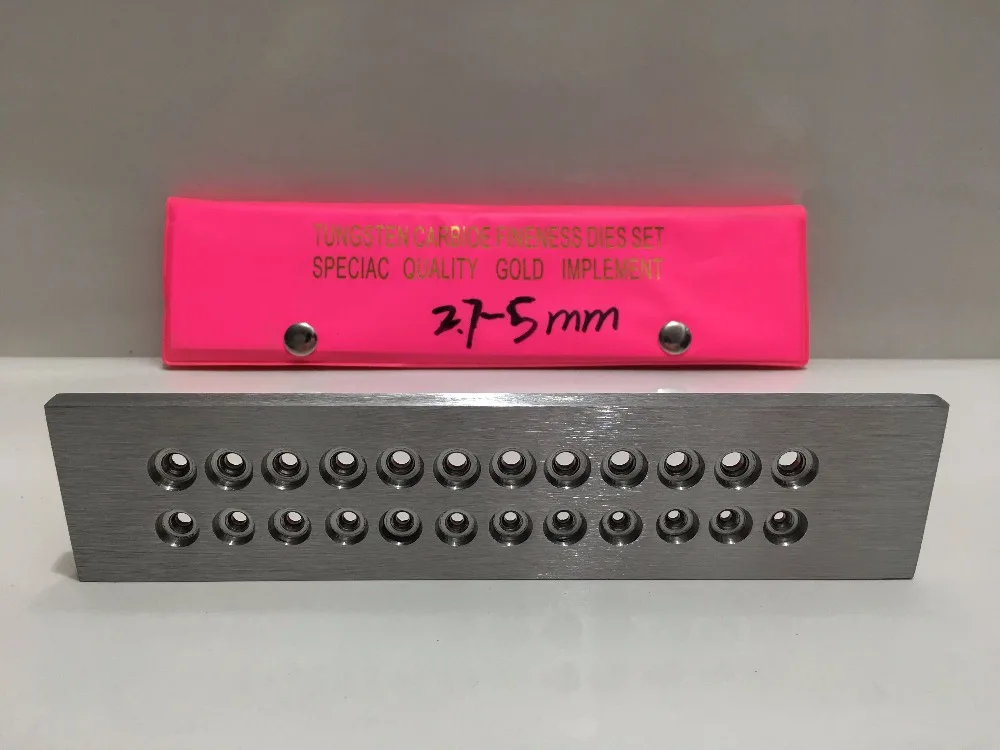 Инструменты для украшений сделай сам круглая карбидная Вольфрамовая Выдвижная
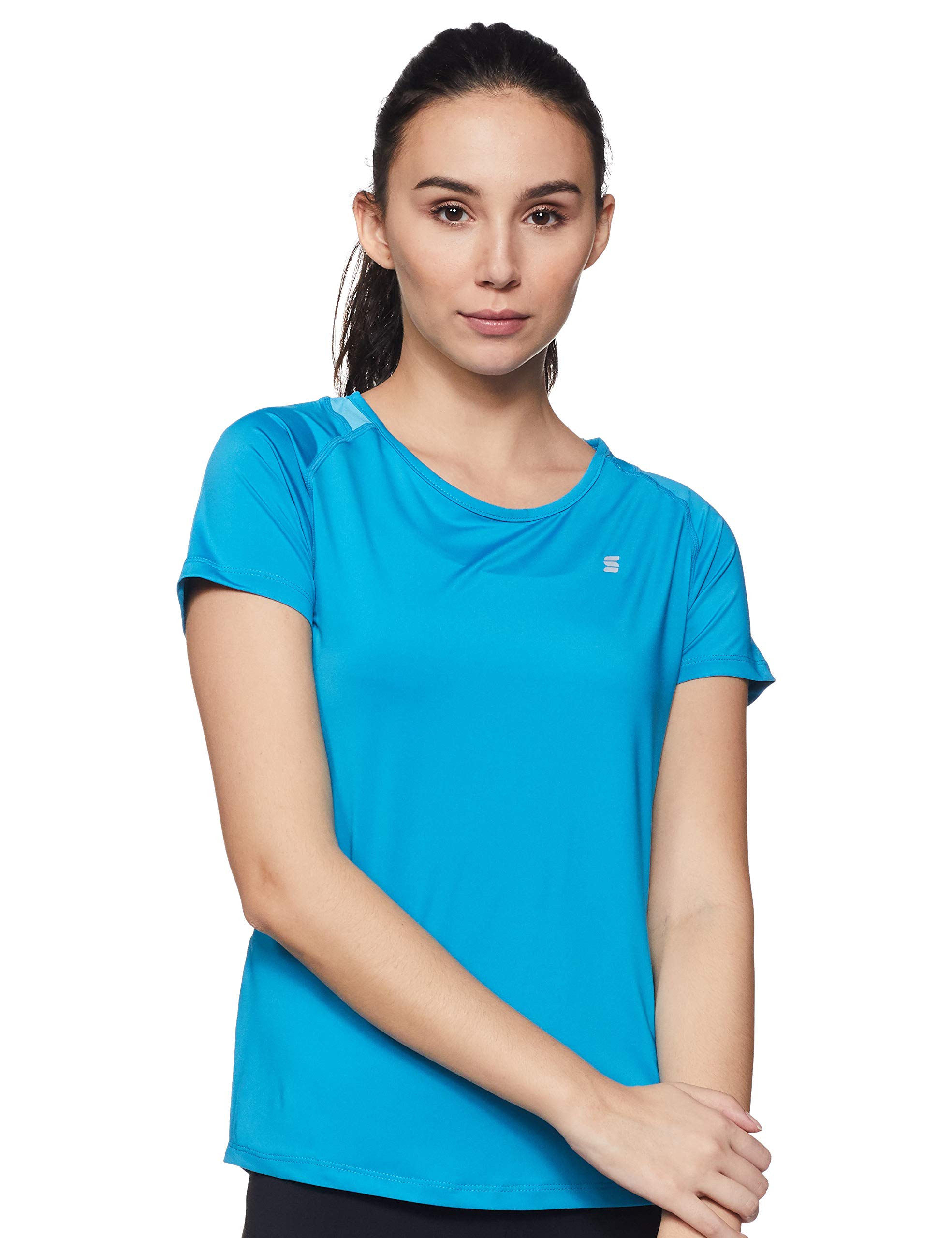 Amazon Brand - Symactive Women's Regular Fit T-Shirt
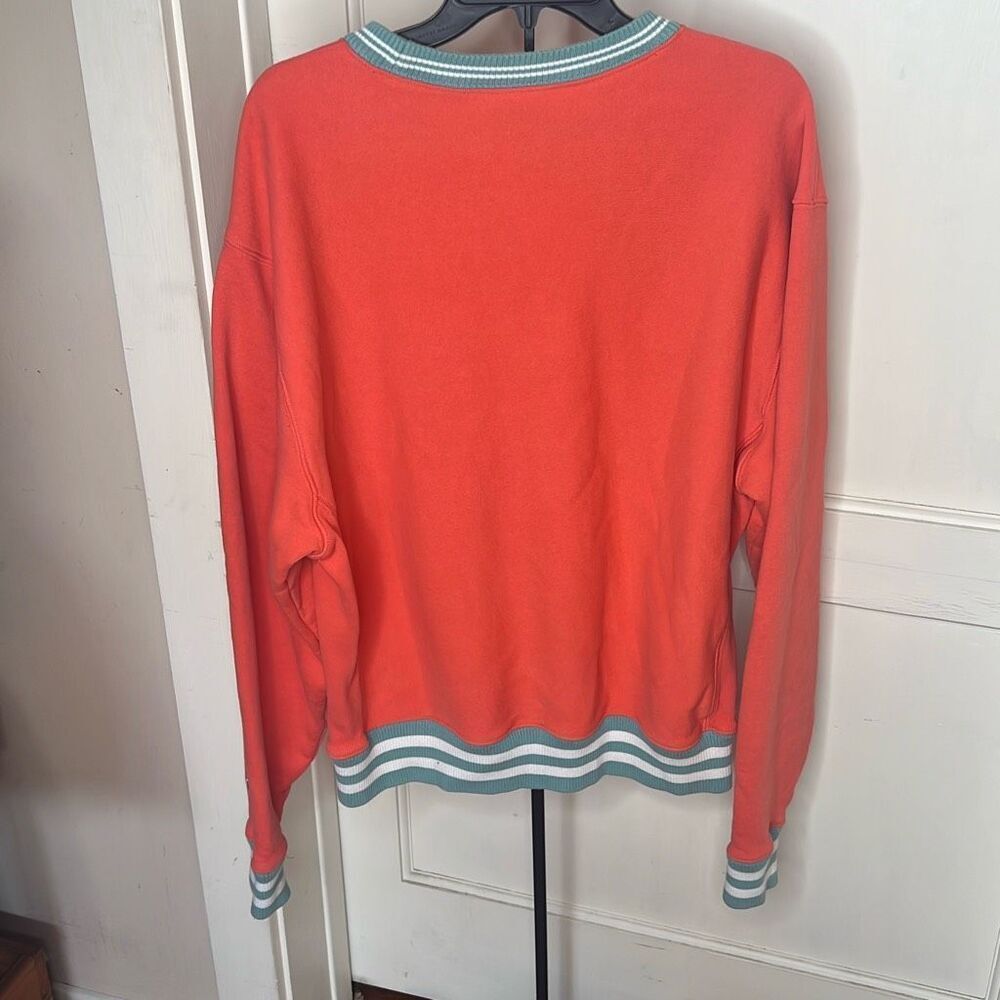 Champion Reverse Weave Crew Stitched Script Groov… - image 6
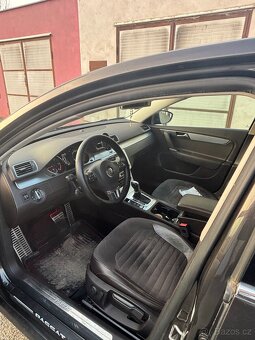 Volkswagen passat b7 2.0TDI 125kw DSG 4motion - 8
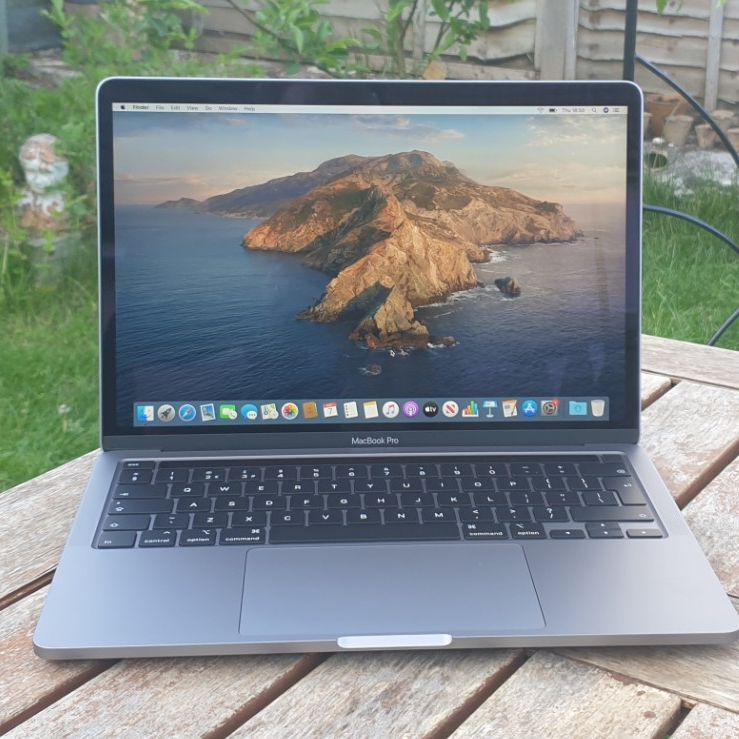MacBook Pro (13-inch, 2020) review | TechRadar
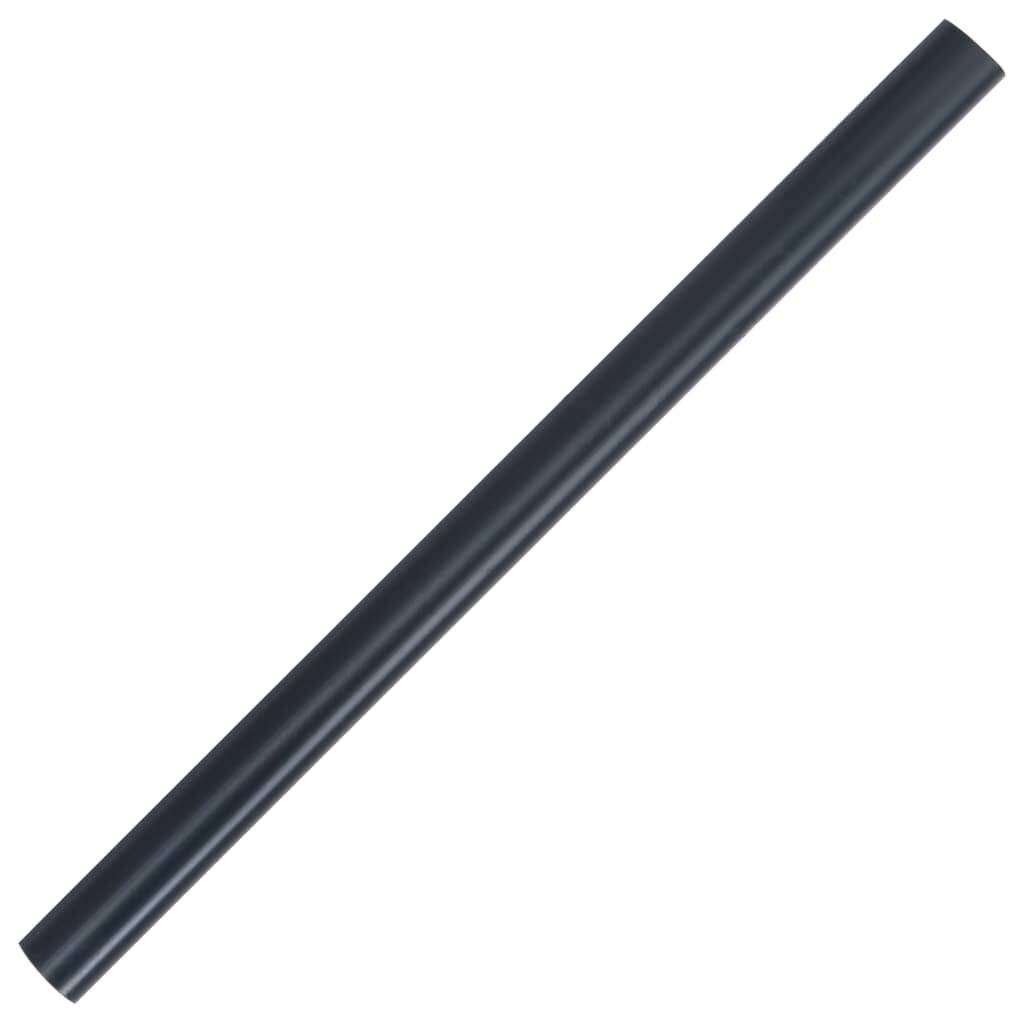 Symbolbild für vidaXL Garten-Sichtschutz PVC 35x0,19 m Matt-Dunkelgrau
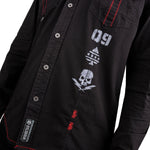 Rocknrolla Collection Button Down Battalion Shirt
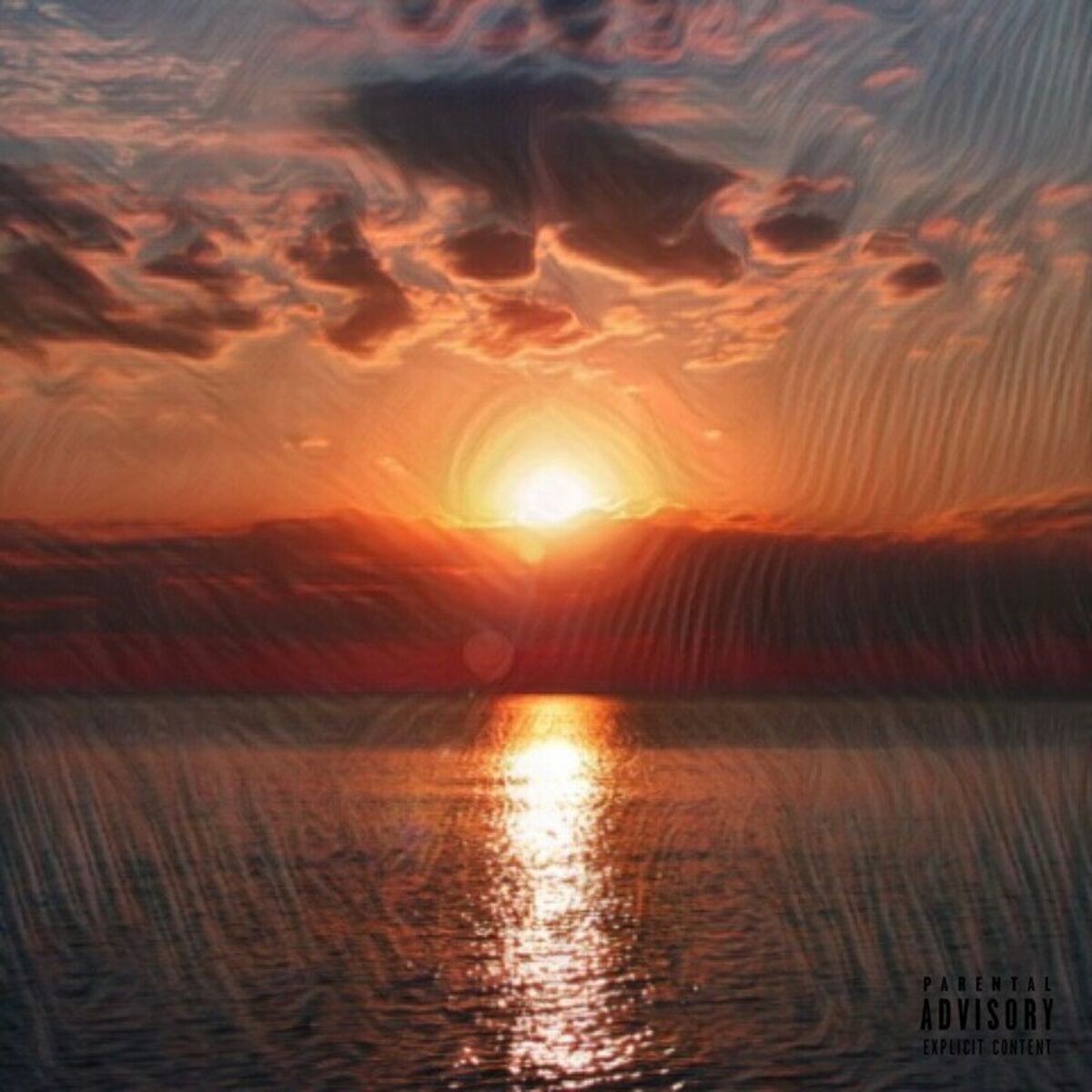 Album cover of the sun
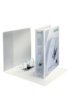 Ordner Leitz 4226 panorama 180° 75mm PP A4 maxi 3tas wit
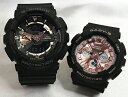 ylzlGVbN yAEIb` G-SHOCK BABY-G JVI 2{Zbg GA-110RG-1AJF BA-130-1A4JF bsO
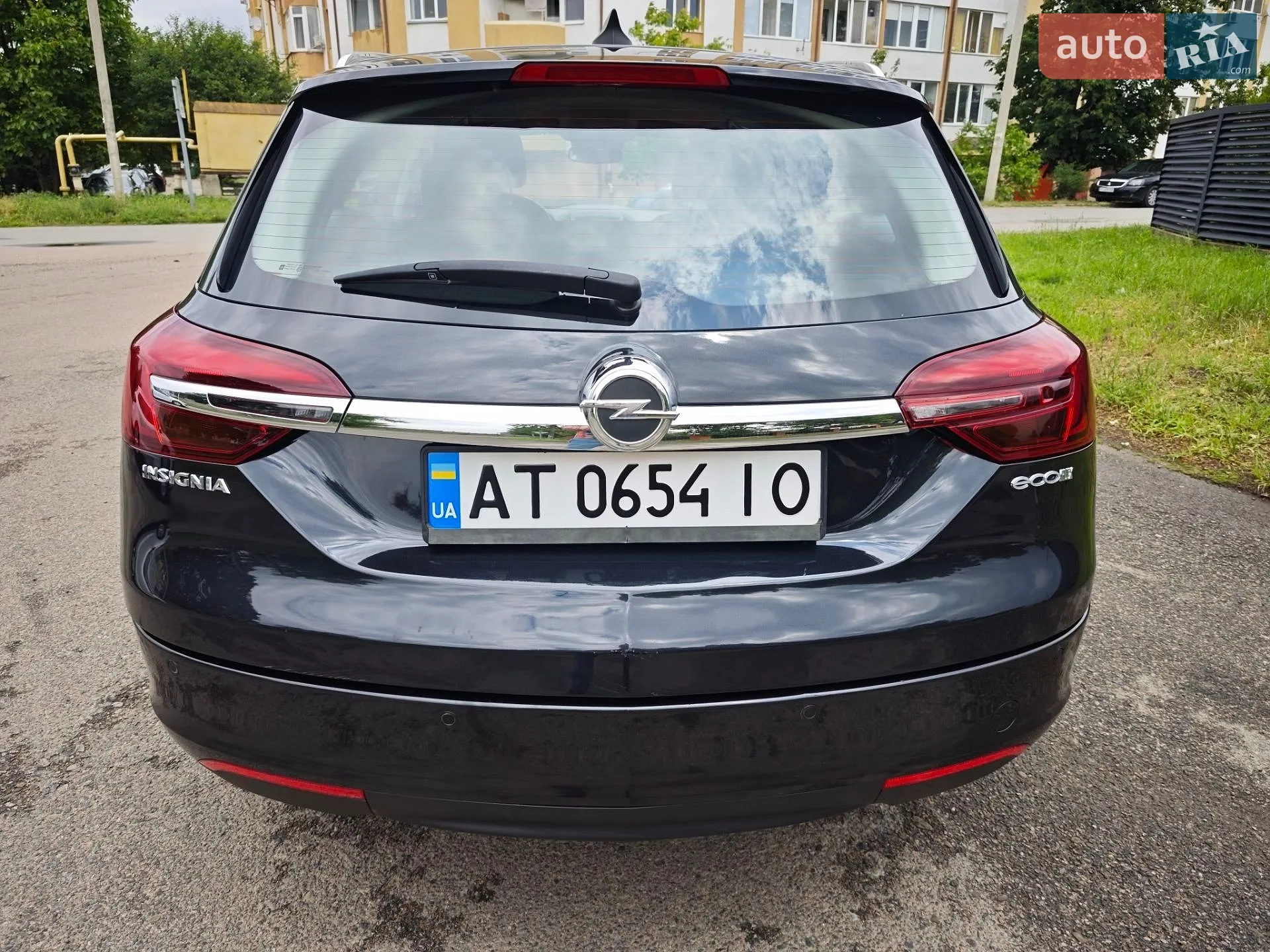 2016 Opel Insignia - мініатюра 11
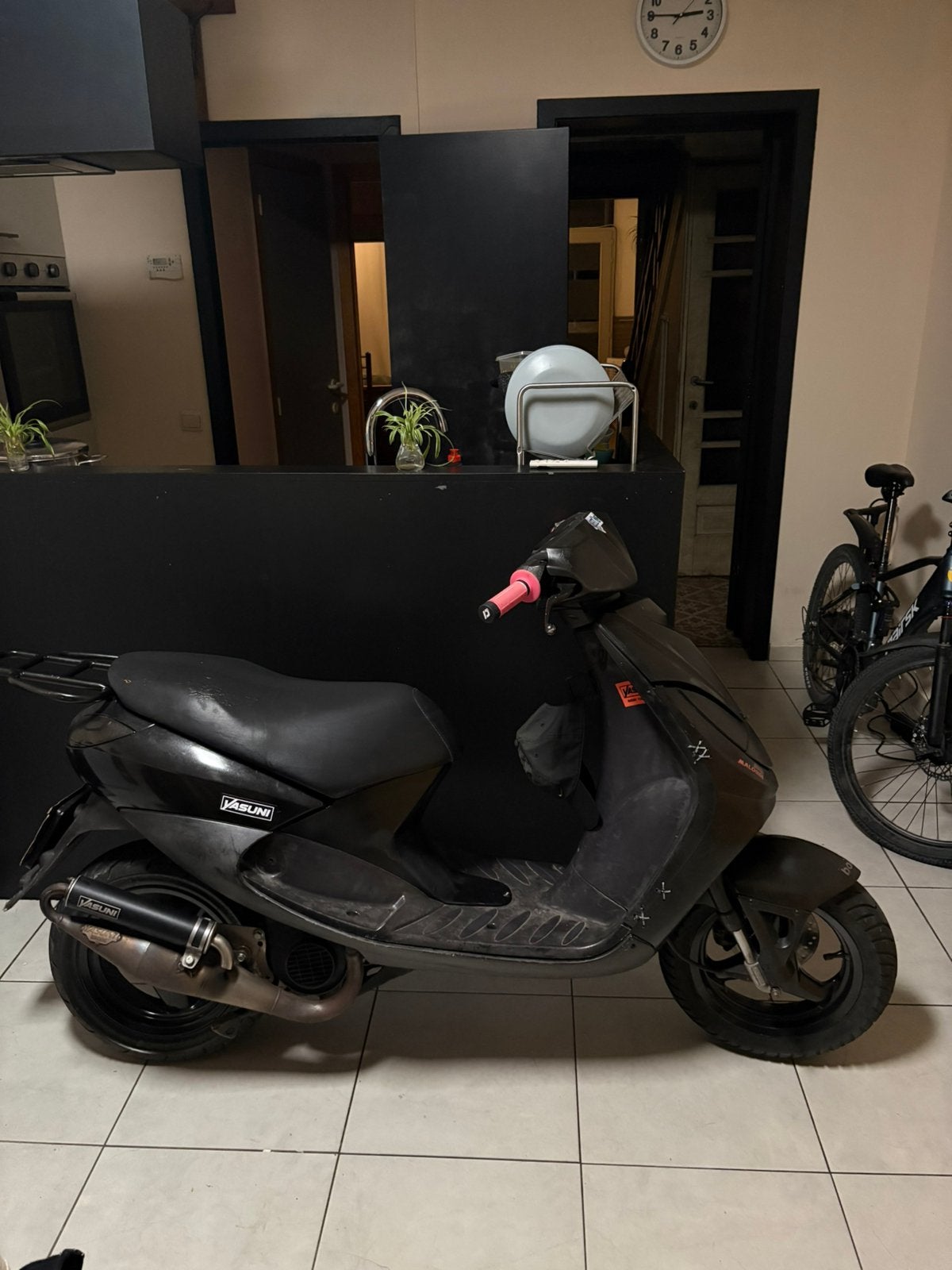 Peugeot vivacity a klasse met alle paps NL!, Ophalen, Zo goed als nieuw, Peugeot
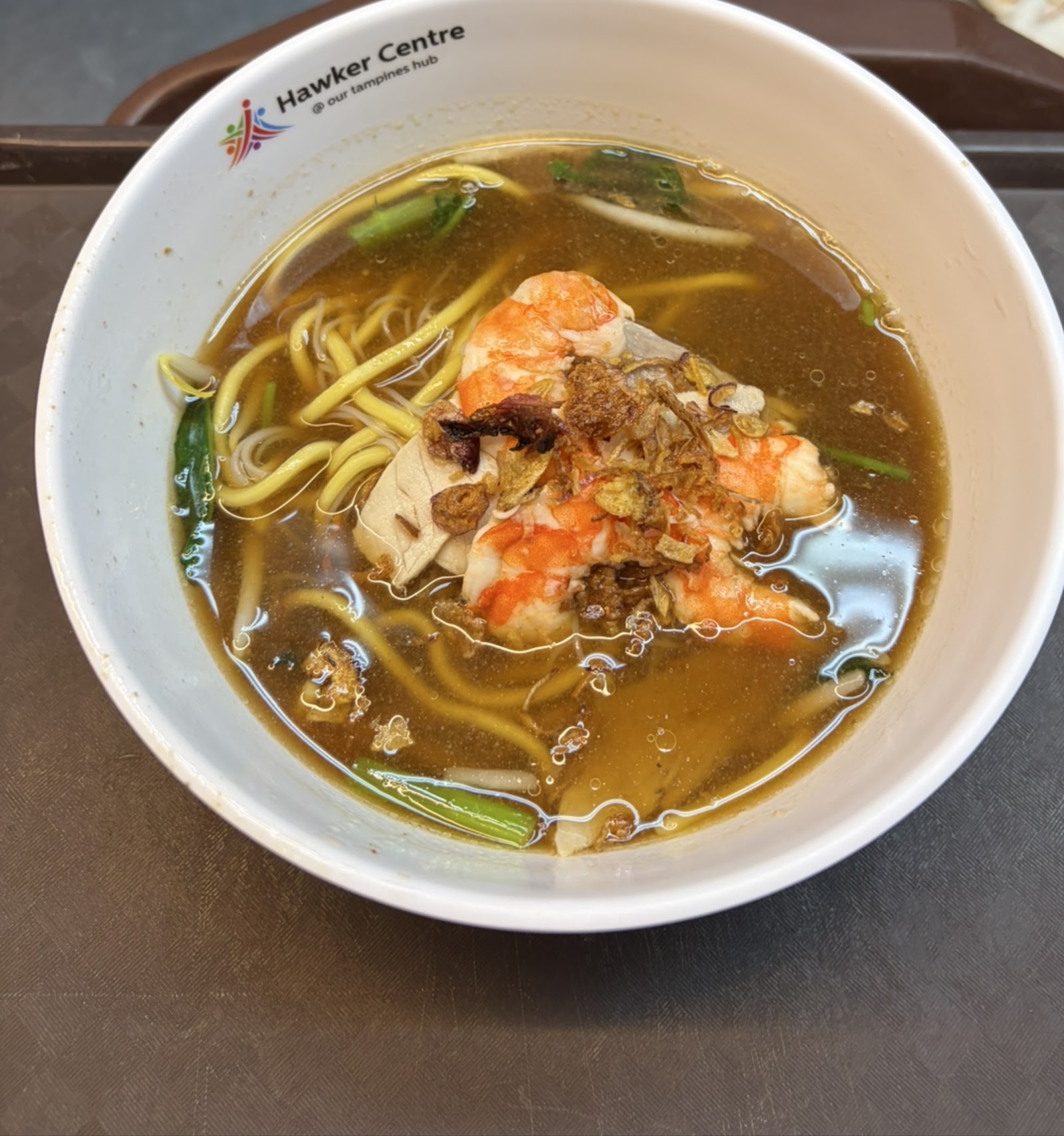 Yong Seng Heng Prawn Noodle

━━━━

## What is required
Take the entries above and restate them word for word, minus their images.

## Result
 Инструменты для украшений сделай сам круглая карбидная Вольфрамовая Выдвижная
 Amazon Brand - Symactive Women's Regular Fit T-Shirt
 Champion Reverse Weave Crew Stitched Script Groov… - image 6
 Volkswagen passat b7 2.0TDI 125kw DSG 4motion - 8
MacBook Pro (13-inch, 2020) review | TechRadar
 Symbolbild für vidaXL Garten-Sichtschutz PVC 35x0,19 m Matt-Dunkelgrau
 Rocknrolla Collection Button Down Battalion Shirt
 Album cover of the sun
 Ordner Leitz 4226 panorama 180° 75mm PP A4 maxi 3tas wit
 ylzlGVbN yAEIb` G-SHOCK BABY-G JVI 2{Zbg GA-110RG-1AJF BA-130-1A4JF bsO
 2016 Opel Insignia - мініатюра 11
 Peugeot vivacity a klasse met alle paps NL!, Ophalen, Zo goed als nieuw, Peugeot
 Yong Seng Heng Prawn Noodle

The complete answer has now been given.